“Follow your passion.”
It’s common advice for every soul-searching college student. If you stick with what you love, everything else will fall perfectly into place.
But I’m starting to think maybe this isn’t always the case. To be honest, people who chase their passions scare me. It seems as if they trust so fully in the one thing they love that they often volunteer to jump overboard, clinging to their passion as their only flotation device. They have nothing else to keep them afloat. And when they lose it, they lose everything.
Essentially, people who run on passion need a back-up plan or strategy for financial security. My main concern, however, is that these driven people understand success does not come from passion alone.
Granted, this can differ depending on how you define success. But when I hear successful people talk about their lives and how they got to where they are, they talk about how hard they had to work. They talk about failures. They talk about late nights, cheap meals and perseverance.
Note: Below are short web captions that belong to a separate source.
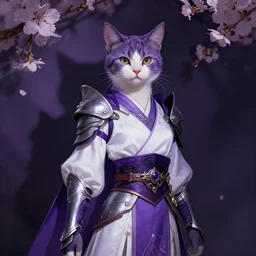 portrait of a cat warrior in purple and white clothing, armored. bloom, dramatic lighting, shadows. dark fantasy, digital painting, hd, 4 k, detailed.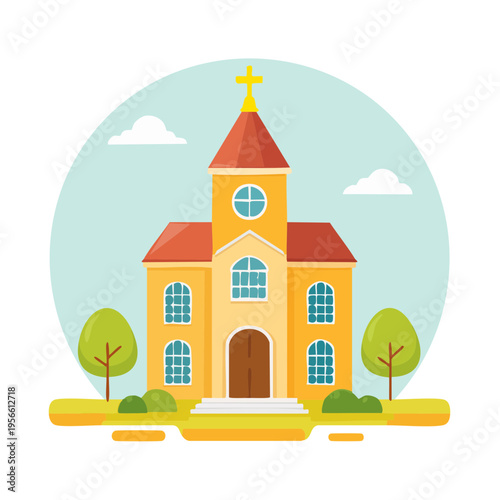 Christian church building with cross and trees simple cartoon illustration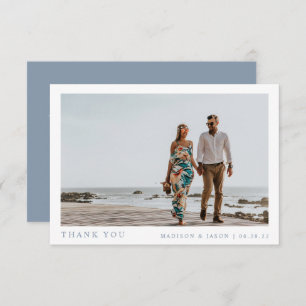 Simple Photo Dusty Blue Wedding Thank You Card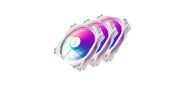Комплект вентиляторов Alseye M120-PWA KIT FAN 3*120mm,  800~1700rpm,  31~66CFM,  19.4~33.8dBA,  AURA RGB,  PWM + 3pin Aura,  RTL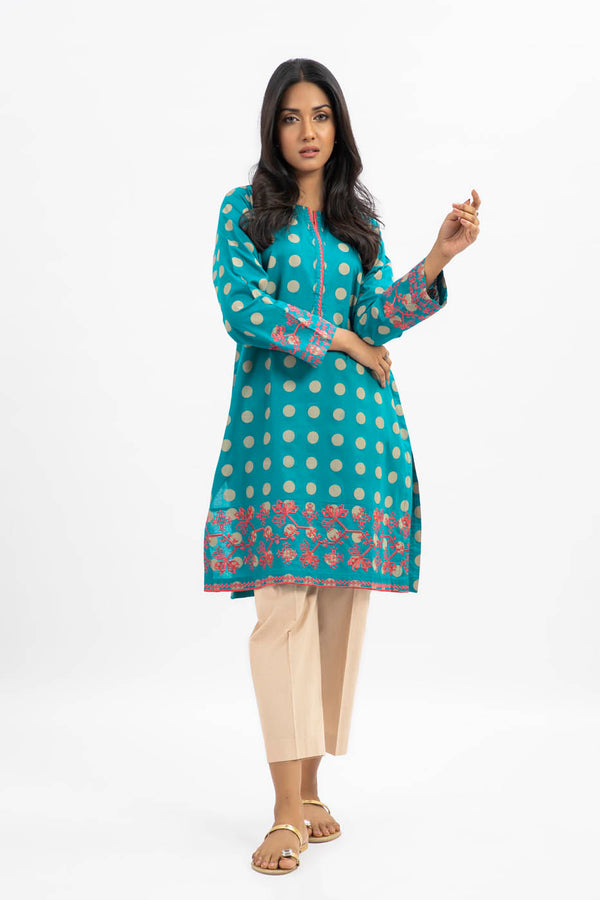 Printed Embroidered Cambric Kurti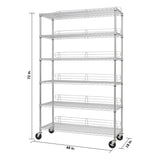 TRINITY EcoStorage Heavy Duty 6-Tier Adjustable Wire Shelving with Wheels and Backstands for Kitchen Organization, Garage Shelving, NSF Certified, TRINITY
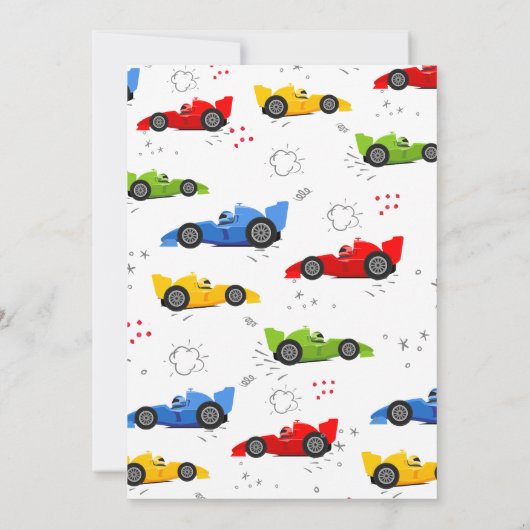 Twee snelle Kinder raceauto's van de tweede verjaa Kaart (Achterkant)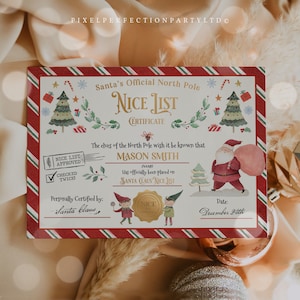 EDITABLE Santa Claus Official Nice List Certificate Letter From The Desk Of Santa North Pole Mail Christmas Eve Box Instant Download LE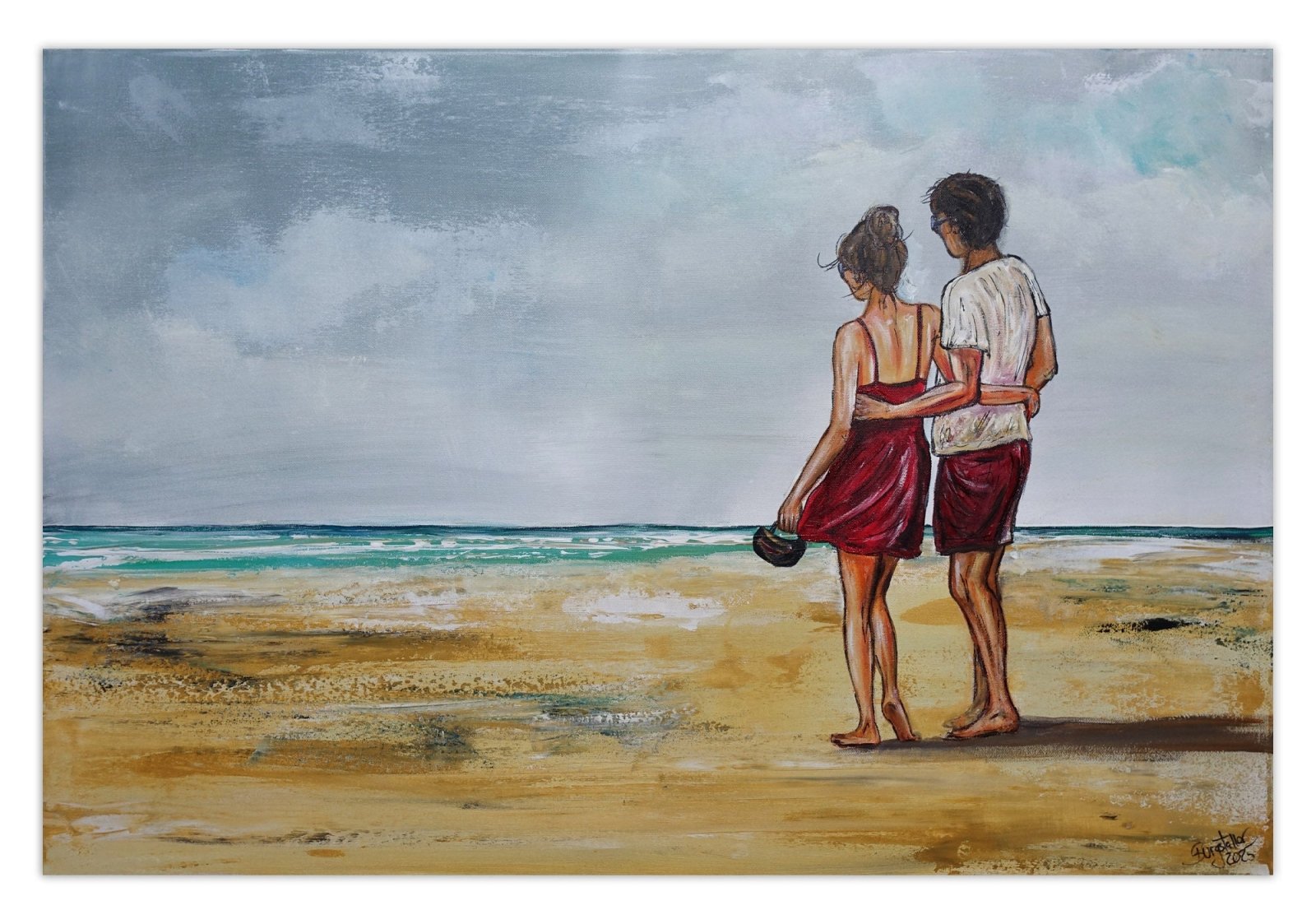 Zeitlos Gemälde Liebespaar Meerbild Strand Leinwandbild Acrylbild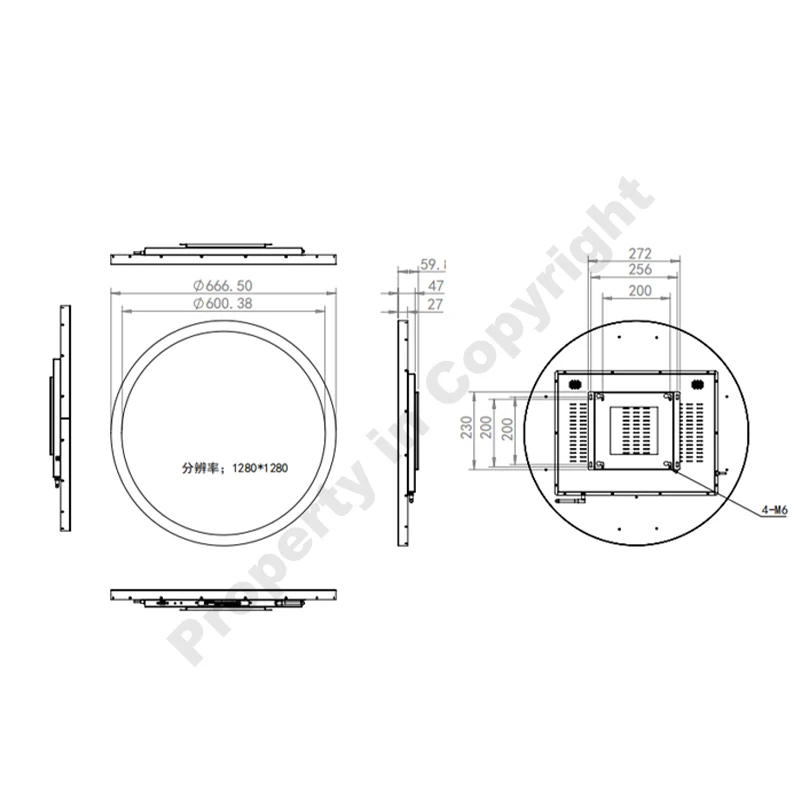 23.6 inch custom HD touch circular LCD advertising media display Circular TV screen billboard display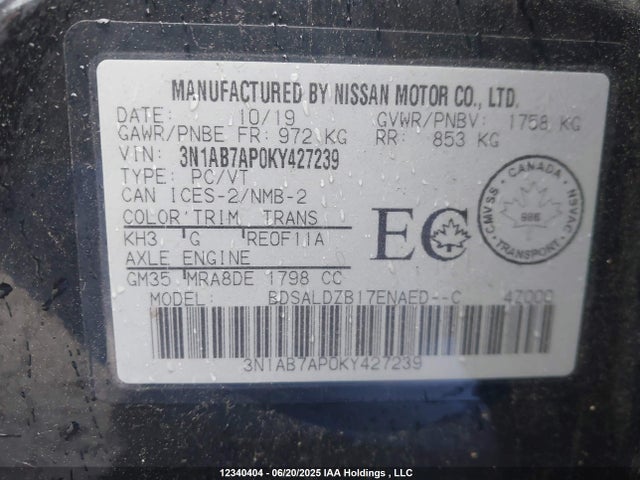 Nissan 2019 2019 3N1AB7AP0KY427239 Image 9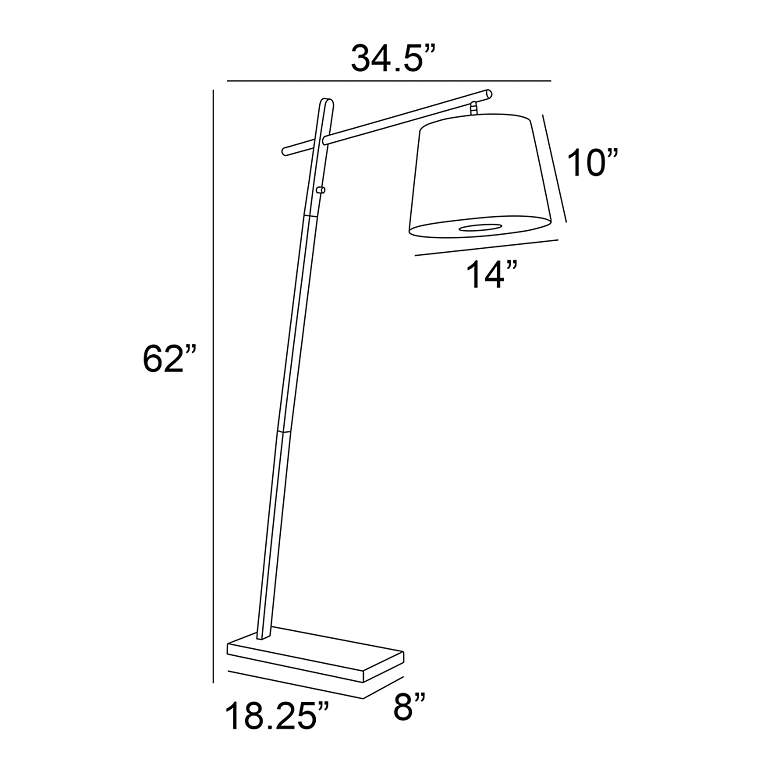 Image 4 Lite Source Gaines 62" High Modern Angled Black Base Floor Lamp more views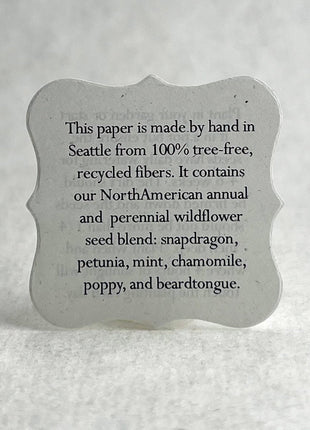 Bulk Set of 100 Tiny planting guide 1.75" x 1.75" double sided recycled paper inserts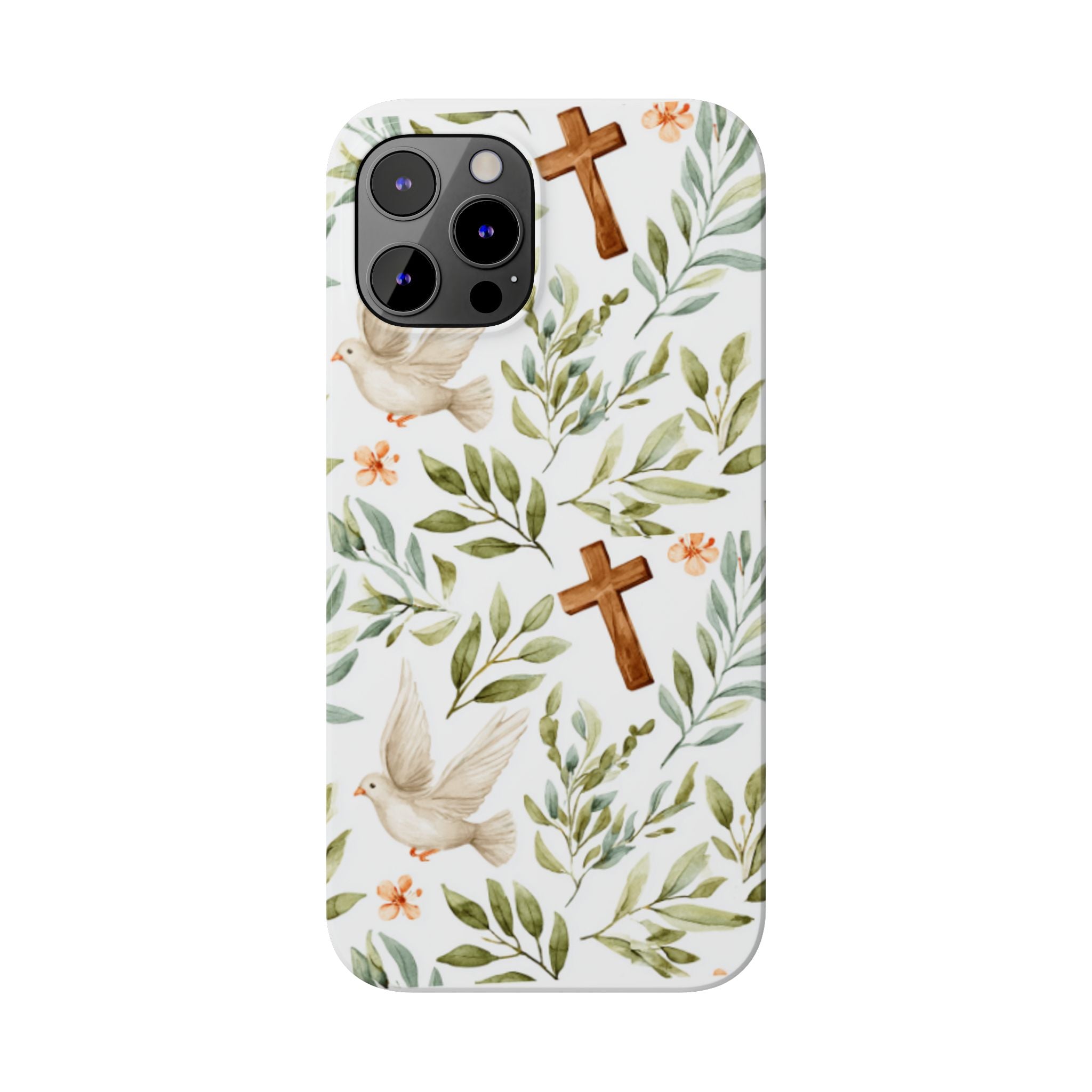Slim Phone Case — Floral Dove & Cross Christian Design, Bible Verse Gift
Sometimes they talk about how their passion helped them through it, but they know they didn’t get to where they are because of it.
A recent article in the Wall Street Journal told the story of Scott Adams, a commercial loan officer for a large bank who dealt with small businesses. His boss told him to never give loans to someone who is following their passion, they are a bad bet. If someone’s passion is sports and they want to open a store for all things sport-related, their passion is not going to help them run a business well. Give the loan to a guy who is willing to grind it out over spreadsheets and work hard to make a business run, not the guy who loves his job.
Having passion about life makes it more enjoyable–we need passionate people to inspire us. But if you’re clinging to the plan to just “follow” that passion, be prepared to pack along hard work and drudgery along with you.
Discovering what you love is important. But don’t rely on it to make everything fall into place.